Girlfriend can't wake Mycroft

Hi all,

So for some reason, my girlfriend can’t wake Mycroft. I’m running the latest picroft image, with the following microphone:

Jabra Speak 410 Corded Speakerphone for Softphones - Easy Setup, Portable USB Speaker for Holding Meetings Anywhere with Outstanding Sound Quality https://www.amazon.com/dp/B007SHJIO2/ref=cm_sw_r_apanp_FE96RRKqzPI49

Seems to work fine for me. Haven’t had time to check the CLI logs when she’s trying to wake it yet. I’ll add those as soon as I can. Mainly wondering if anyone else has experienced a similar situation. She’s even tried yelling with no luck.

2 Likes

Not even my girlfriend’s voice, could it be a matter of vocal timbre?

Since I wanted to use another wake word (i.e. “Hey Doc”) it wasn’t a problem

If you want/can use another wake word check this link Using a Custom Wake Word - Mycroft AI

There is also a repo with others wake-words already trained GitHub - MycroftAI/Precise-Community-Data: Pre-trained Precise models and training data provided by the Mycroft Community

1 Like

We really need more data for those to be generally useful.

Ideally, a wake word portal that collects and validates community wake words should be created.
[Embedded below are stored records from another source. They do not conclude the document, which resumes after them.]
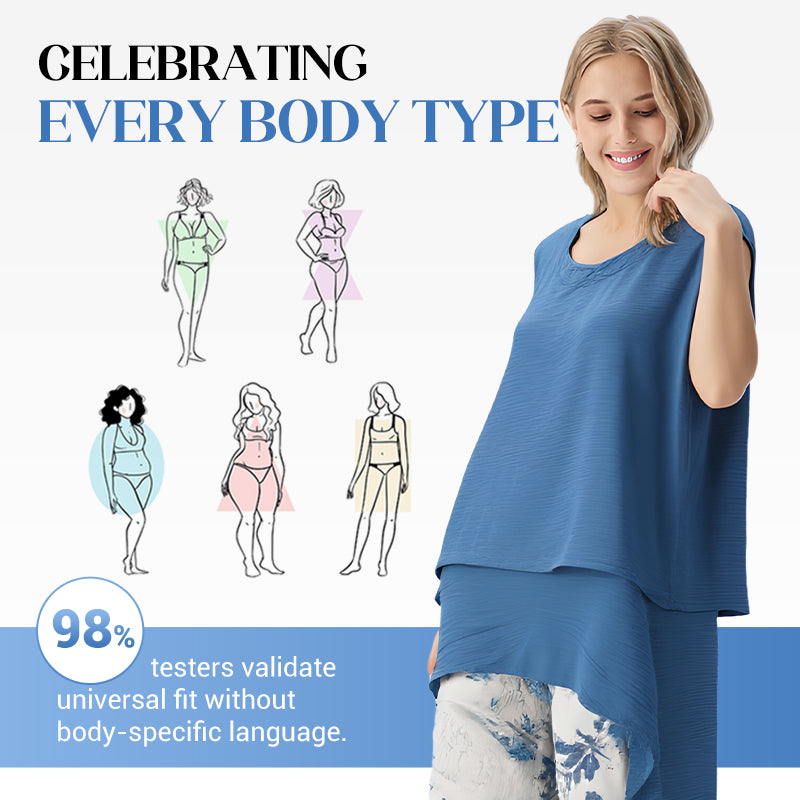 Women's Sleeveless Irregular Hem Top & Printed Pants Set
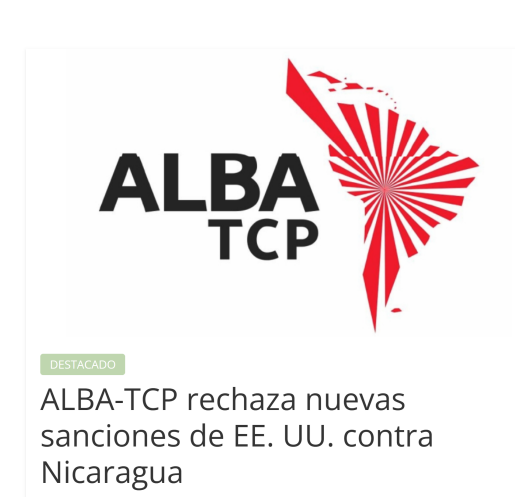 ALBA-TCP rechaza nuevas sanciones de EE. UU. contra Nicaragua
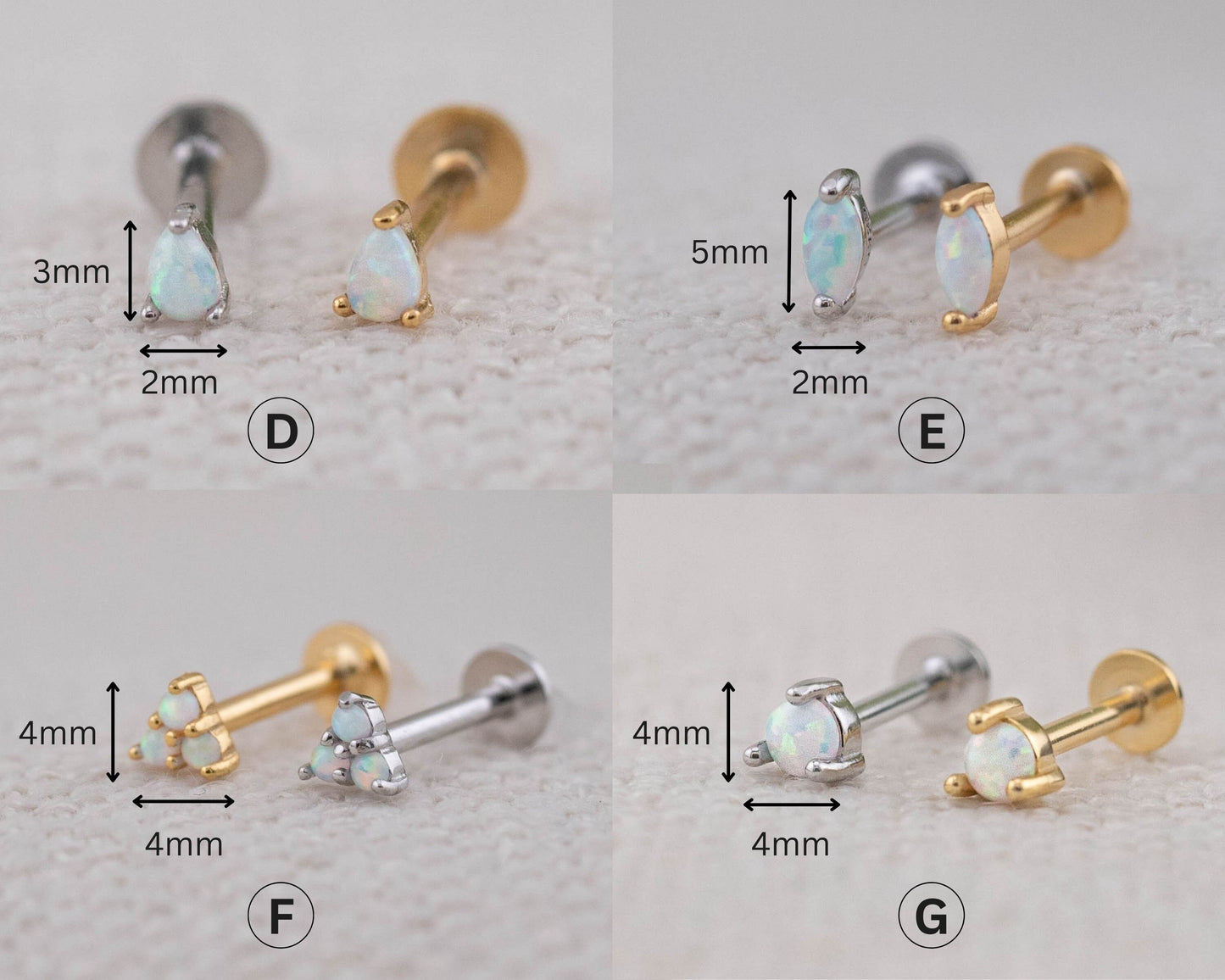 Fire opal flat back studs sterling silver / 18 K Gold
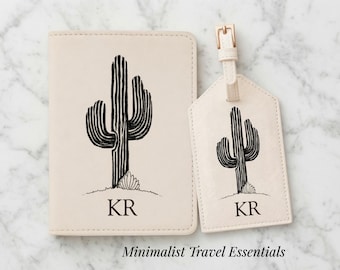 Funda de pasaporte personalizada y etiqueta para equipaje Cartera de pasaporte personalizada con cactus Regalo de boda Regalo de viaje para ella Propuesta de padrinos de boda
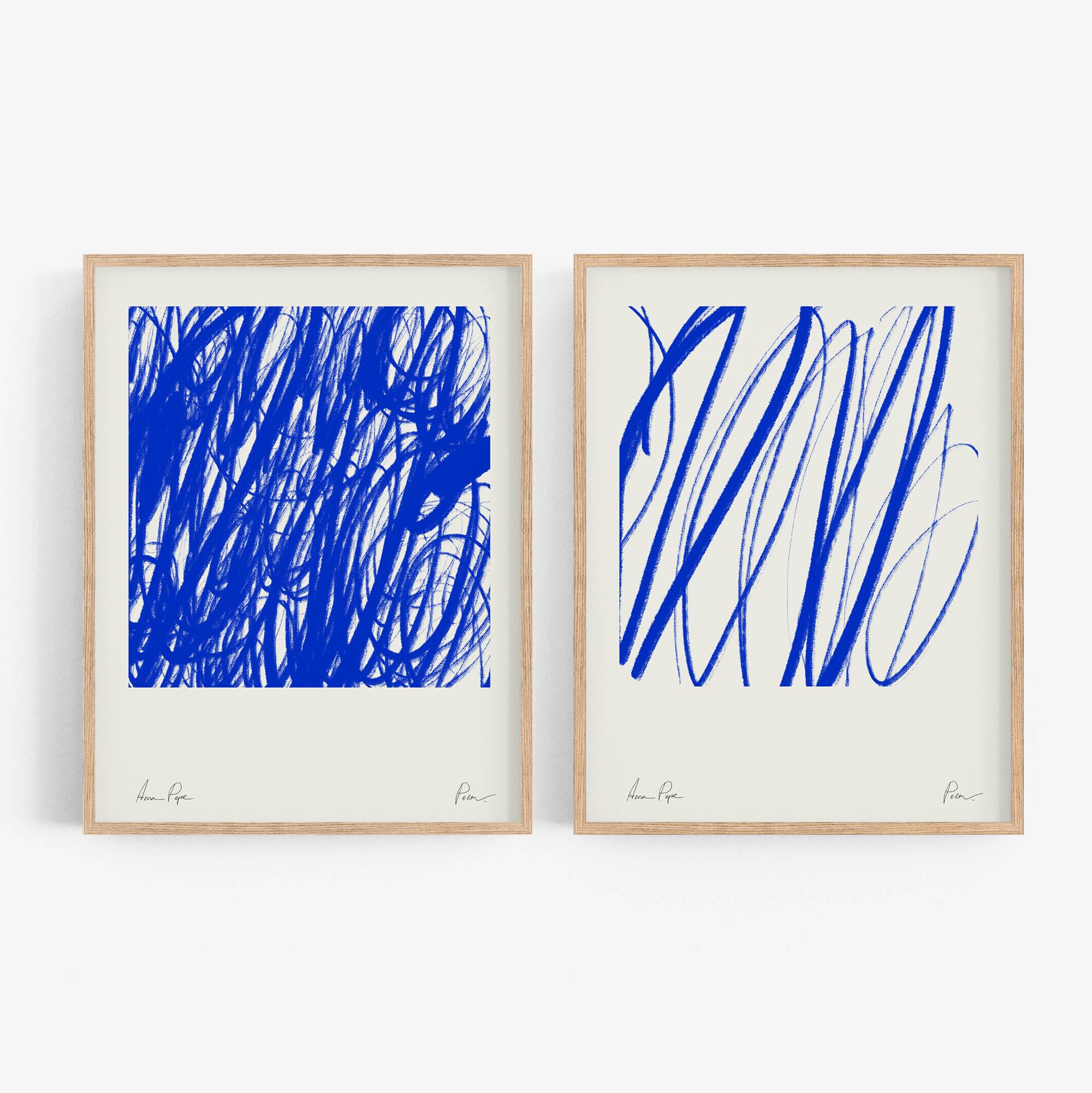 Pair of blue line prints, abstract wall art set of two, 50x70cm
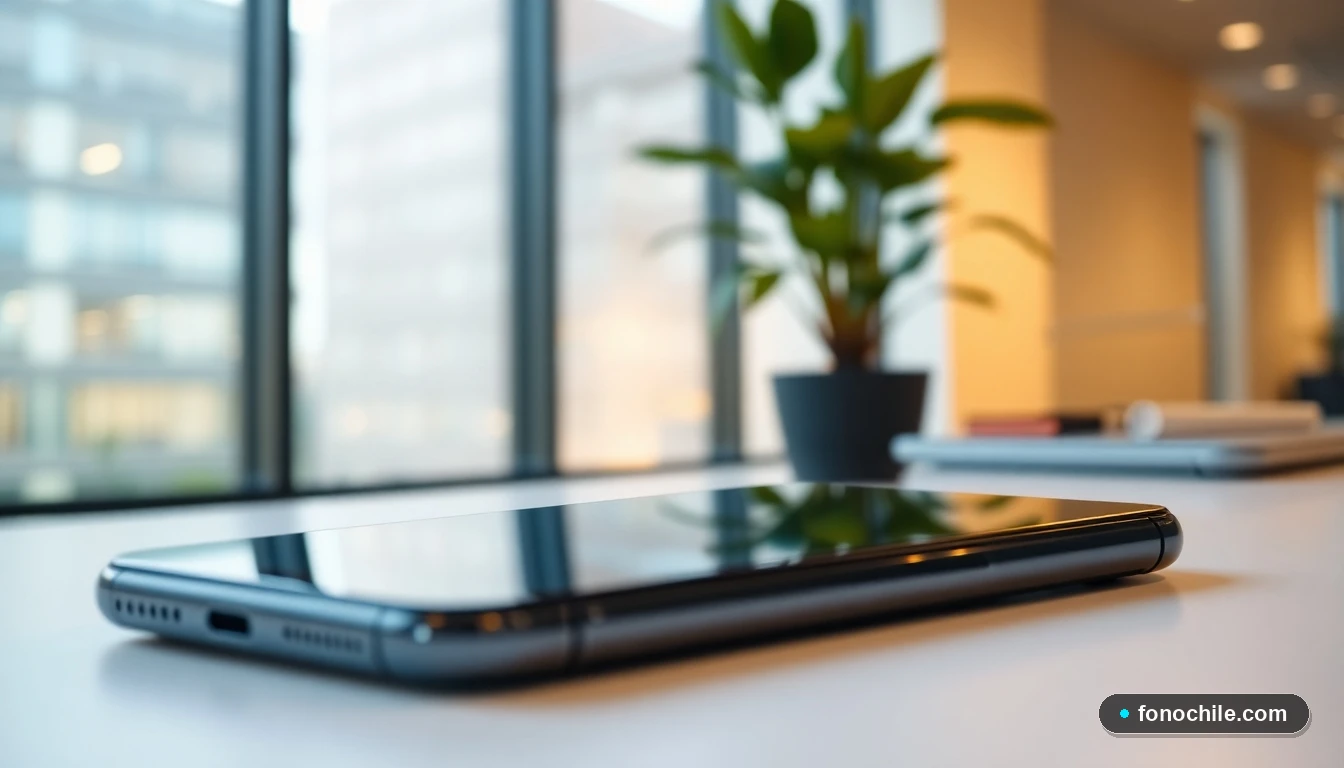 Vista superior de un teléfono en un escritorio minimalista, con un edificio de oficinas al fondo, representando servicio y profesionalismo en seguros de vida.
It’s not a priority for the team, of course, but hopefully someone is able to make one soon so everyone can benefit.

2 Likes

Hi all,
I had exactly the same problem when I started out with Mycroft, the women in my family couldn’t activate Mycroft reliably.
Changing the wake word model to this beta model (precise-data/hey-mycroft-001 at production_models · MycroftAI/precise-data · GitHub) improved the successful “wake word activation rate” by a lot for me. Give it a try, maybe it also improves your situation.
Use the tutorial posted by @ale: Using a Custom Wake Word - Mycroft AI
For me a sensitivity of 0.3 and a trigger value of 6 have worked very well.

Hope I could help!

3 Likes

Excellent…!!!
It should be activate reliably.

1 Like

So, just to report in after some testing:

I’ve made the adjustments that were suggested, and it has helped some. Mycroft will now respond to her…but only if she does a bad English accent lol. It doesn’t generate any logs that I’ve been able to find when it doesn’t activate and will sometimes wake at odd moments.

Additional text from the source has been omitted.